**Task**
Print the entire listing below word for word, excluding its pictures.

**Available data**
━━━━━━━━━━━━━━━━━━━━

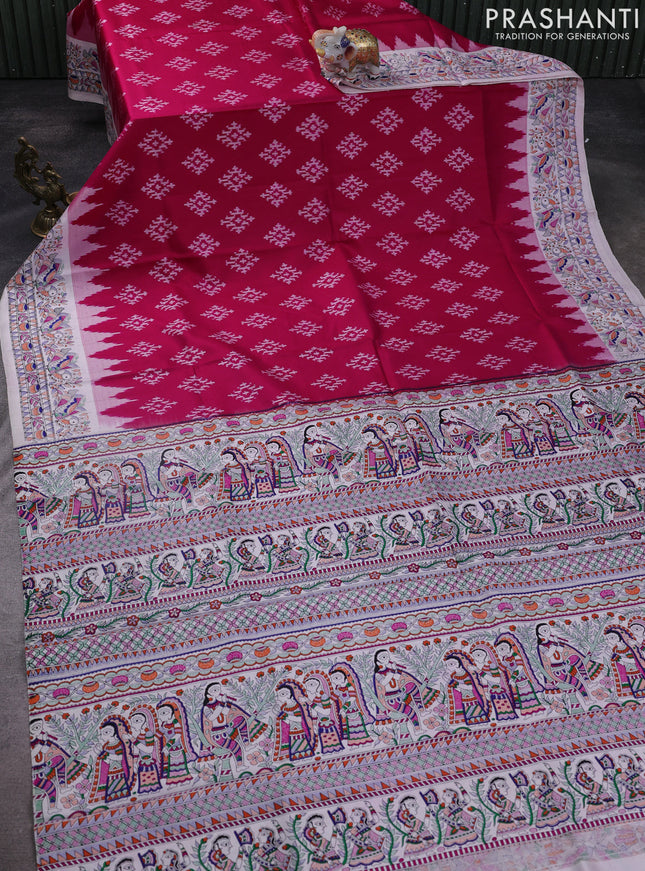 Pochampally silk saree dark pink and cream with allover ikat woven buttas and madhubani prints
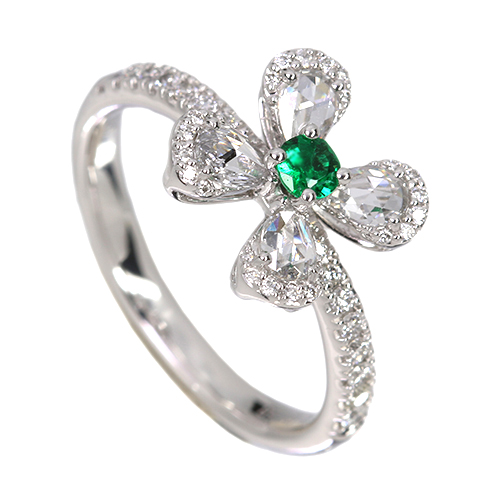 SIZUKU」エメラルド 約0.1ct ローズカットダイヤモンド 0.35ct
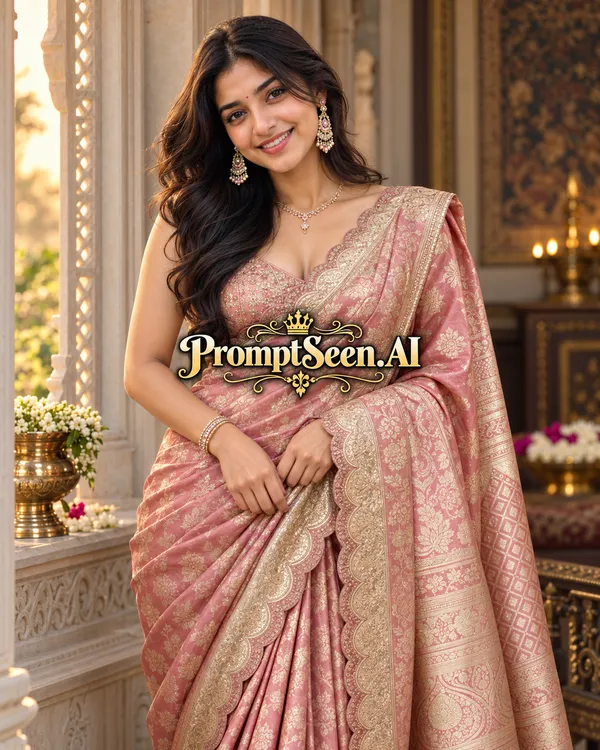 Pastel Pink Banarasi Silk Saree Portrait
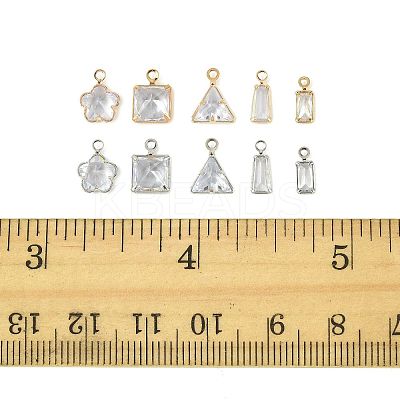 20Pcs 10 Styles Brass Pave Clear Cubic Zirconia Charms ZIRC-FS0001-03-1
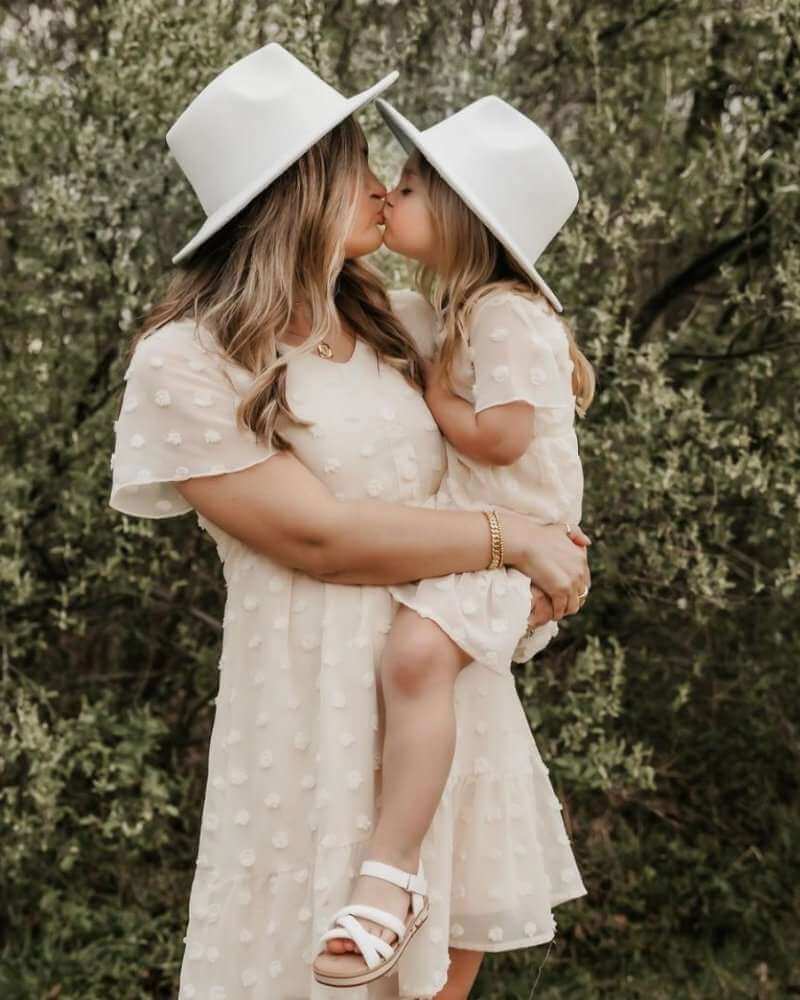 Eden Short Sleeve Dot Dress | Ivory | Milk & Baby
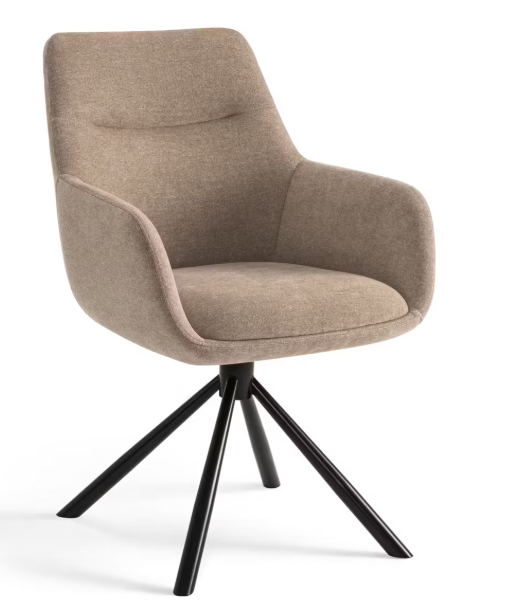 Criks Design Eetkamerstoel Olivia Bruin – 53x66x87 cm – Draaibare Armstoel met Comfortabele Stoffen Zitting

━━━━━━━━━━━━━━━━━━━━

**Answer box**
 Pochampally silk saree dark pink and cream with allover ikat woven buttas and madhubani prints
 SIZUKU」エメラルド 約0.1ct ローズカットダイヤモンド 0.35ct
 Pastel Pink Banarasi Silk Saree Portrait
 20Pcs 10 Styles Brass Pave Clear Cubic Zirconia Charms ZIRC-FS0001-03-1
 Eden Short Sleeve Dot Dress | Ivory | Milk & Baby
 Criks Design Eetkamerstoel Olivia Bruin – 53x66x87 cm – Draaibare Armstoel met Comfortabele Stoffen Zitting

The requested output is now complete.